▶ WORK ORDER:
Return only the lines below starting at the line containing "Bleeding Rose Unisex Silver Ring" and ending at the line containing "Tara Vegan Velvet Slipper Pumps | Sky Blue", both included, exactly as they are and with no pictures.

▶ DATA TO PROCESS:
# # # # # # #
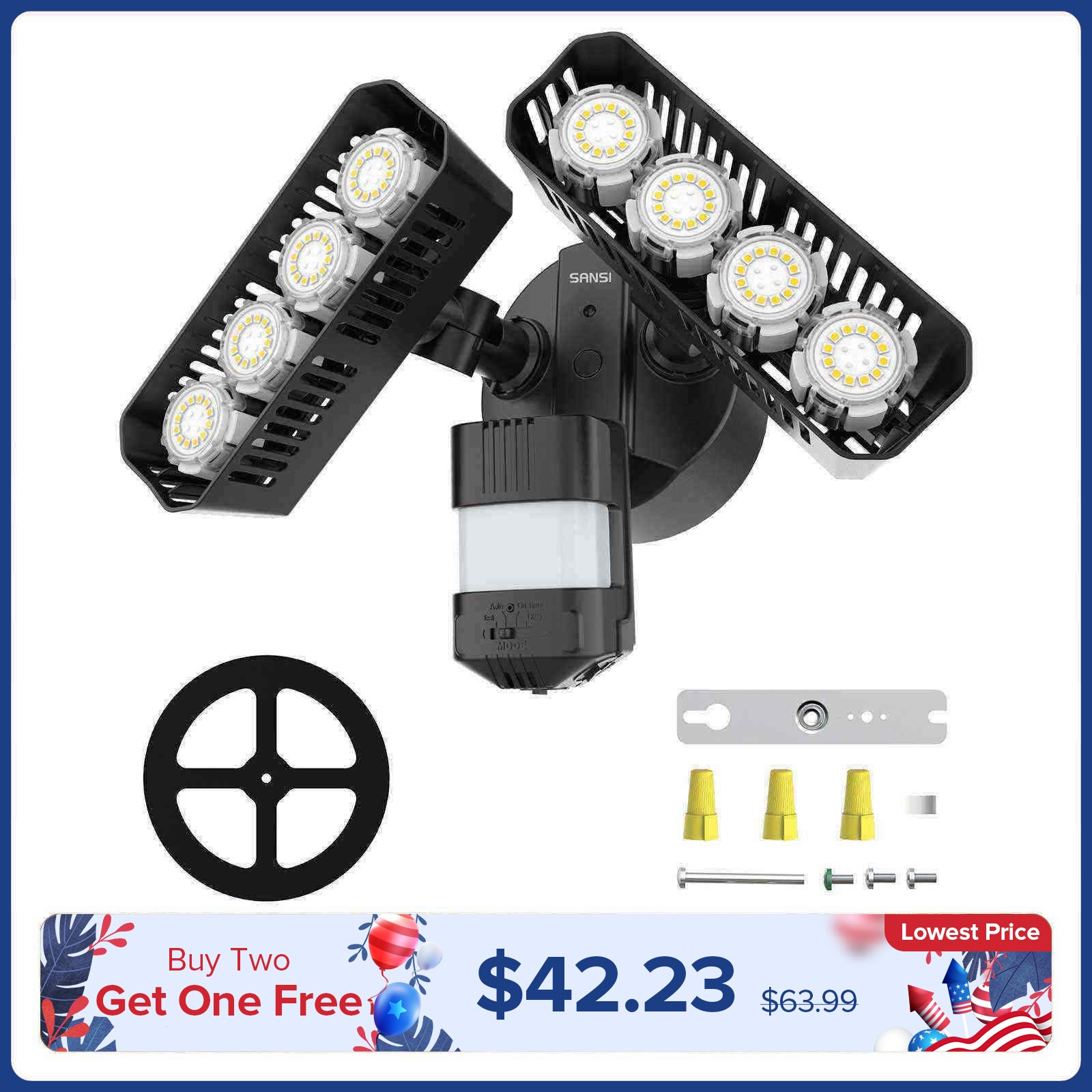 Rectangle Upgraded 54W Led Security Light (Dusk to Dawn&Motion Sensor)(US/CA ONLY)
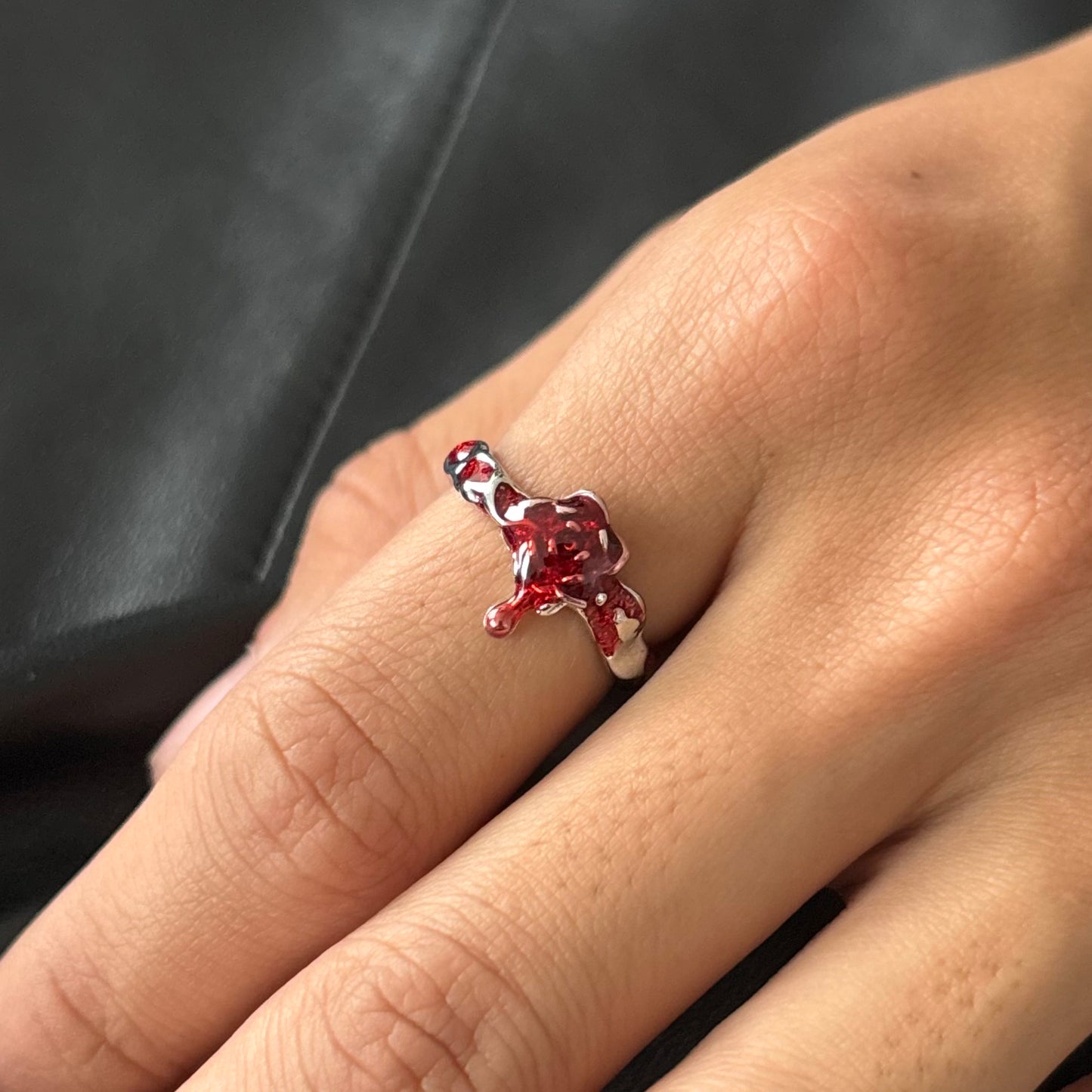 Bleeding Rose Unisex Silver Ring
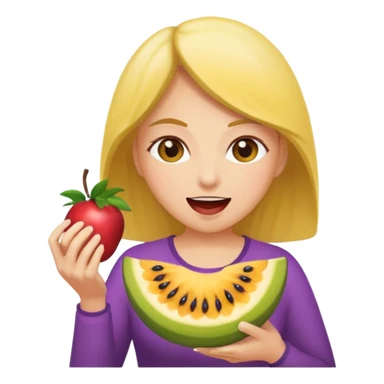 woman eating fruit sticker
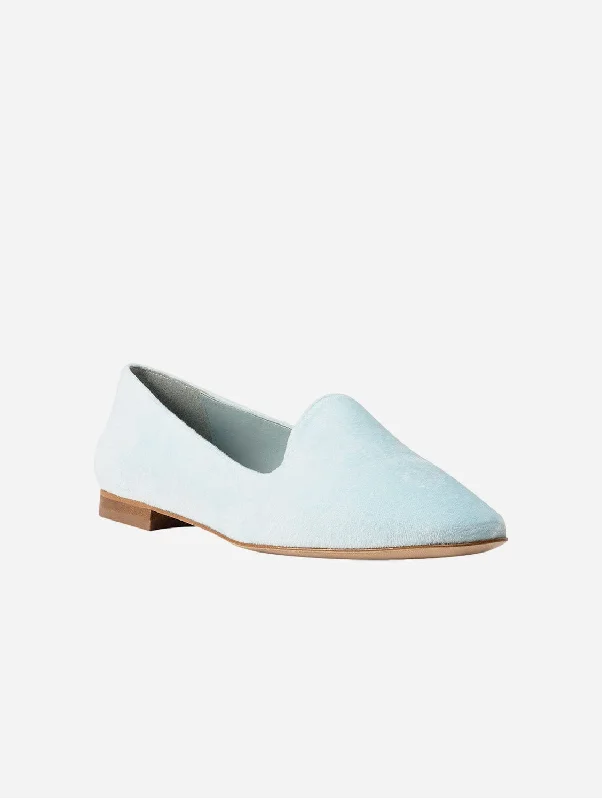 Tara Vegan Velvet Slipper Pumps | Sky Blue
# # # # # # #
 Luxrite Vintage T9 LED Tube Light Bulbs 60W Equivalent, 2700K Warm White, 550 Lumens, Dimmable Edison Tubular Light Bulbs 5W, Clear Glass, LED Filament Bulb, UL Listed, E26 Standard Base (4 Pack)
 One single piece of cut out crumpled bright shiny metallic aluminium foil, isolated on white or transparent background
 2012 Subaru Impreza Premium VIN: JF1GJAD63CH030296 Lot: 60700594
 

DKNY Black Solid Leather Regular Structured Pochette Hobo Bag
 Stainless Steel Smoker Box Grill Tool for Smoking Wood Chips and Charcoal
# # # # # # #
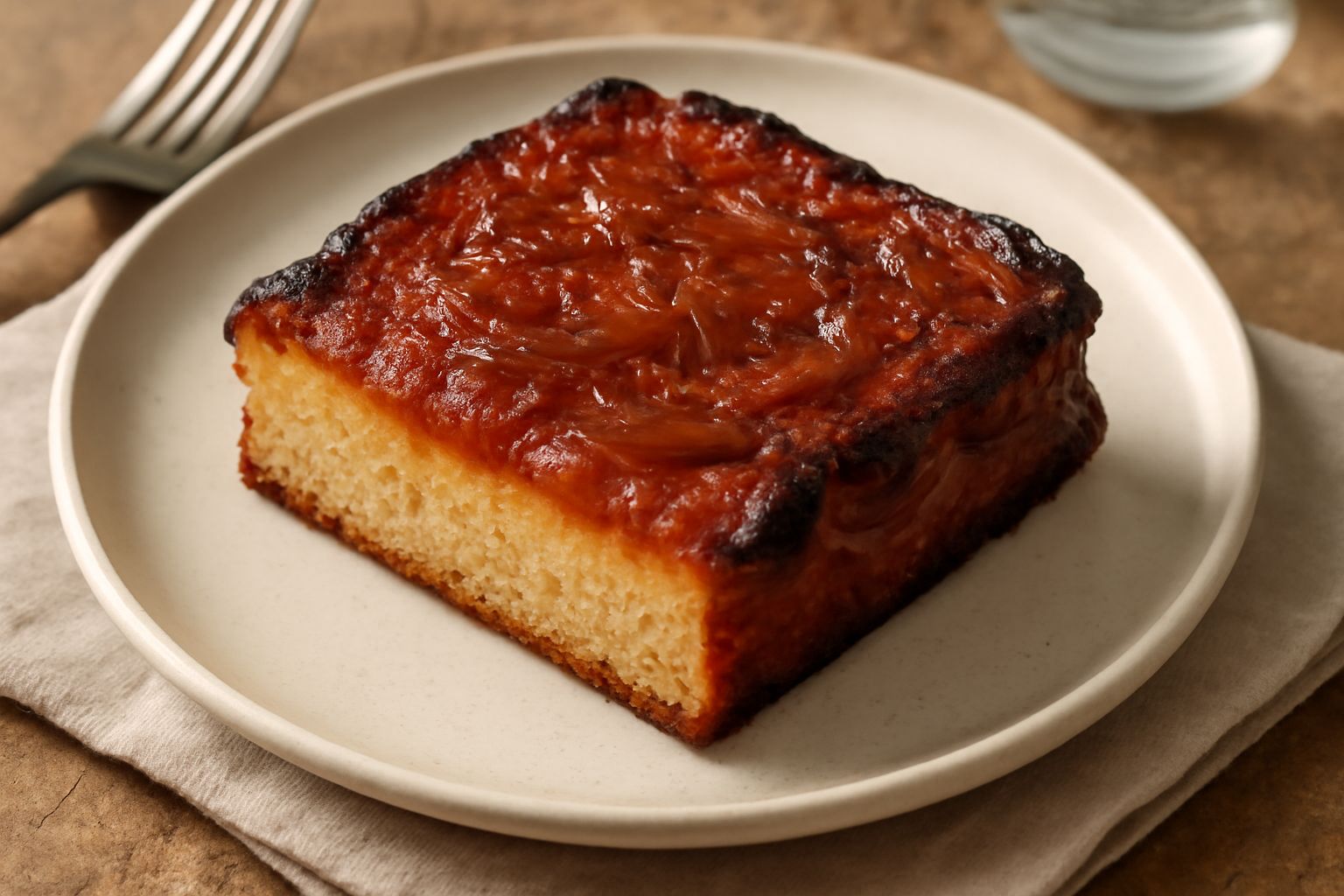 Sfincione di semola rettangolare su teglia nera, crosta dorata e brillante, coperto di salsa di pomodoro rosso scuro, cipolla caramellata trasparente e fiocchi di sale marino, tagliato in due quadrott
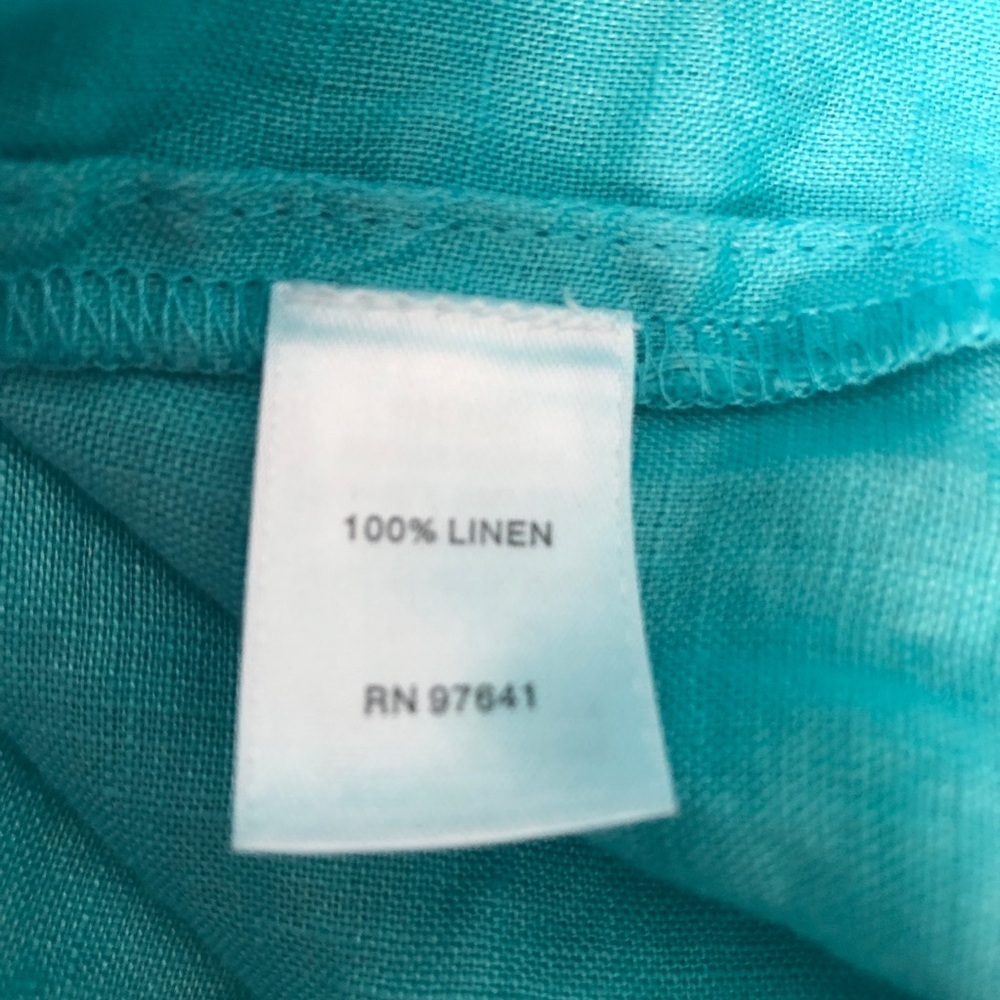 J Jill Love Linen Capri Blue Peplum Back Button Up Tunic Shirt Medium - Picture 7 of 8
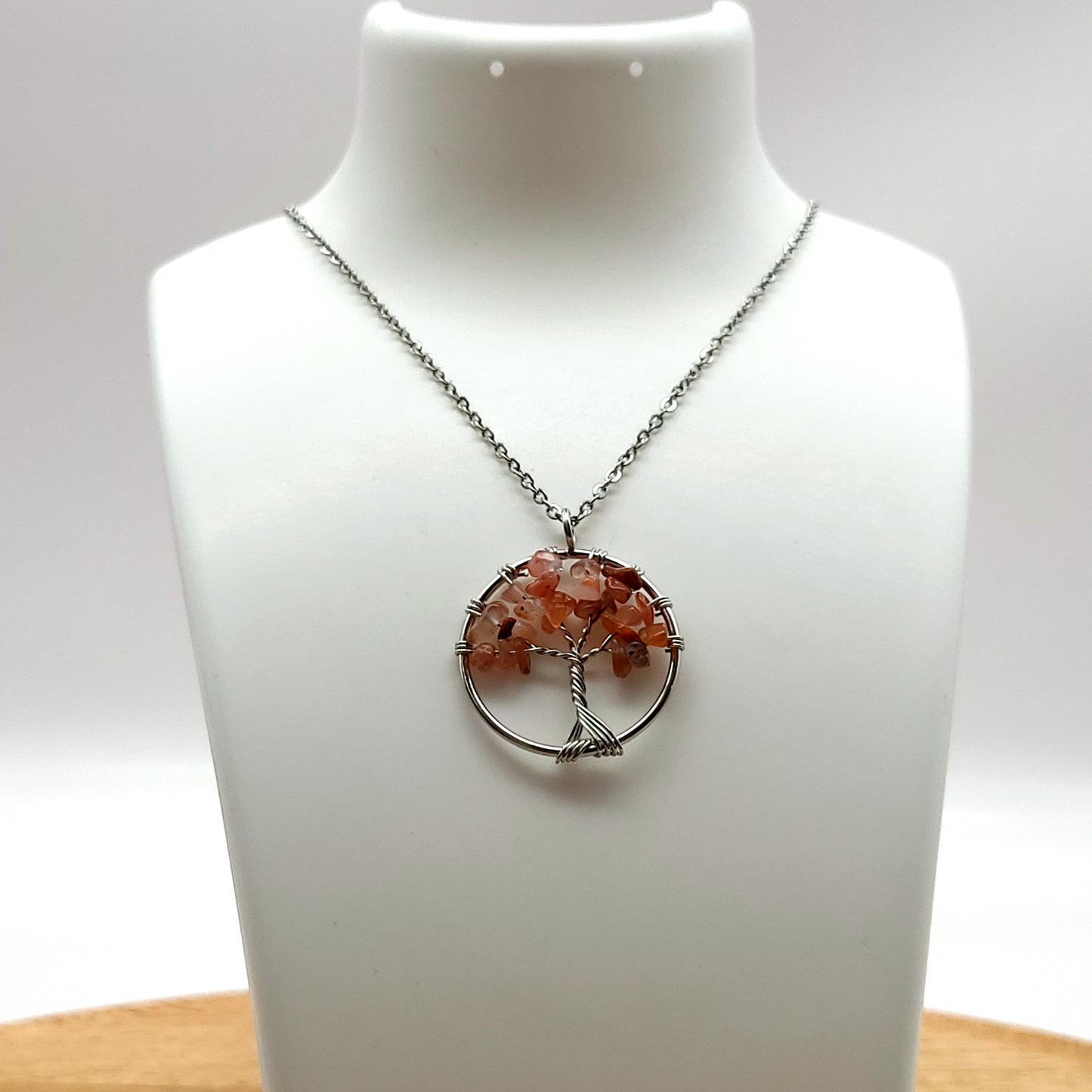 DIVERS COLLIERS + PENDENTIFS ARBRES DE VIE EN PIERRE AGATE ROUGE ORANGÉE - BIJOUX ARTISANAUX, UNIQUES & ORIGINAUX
# # # # # # #
▶ SOLUTION:
 Bleeding Rose Unisex Silver Ring
 woman eating fruit sticker
 Tara Vegan Velvet Slipper Pumps | Sky Blue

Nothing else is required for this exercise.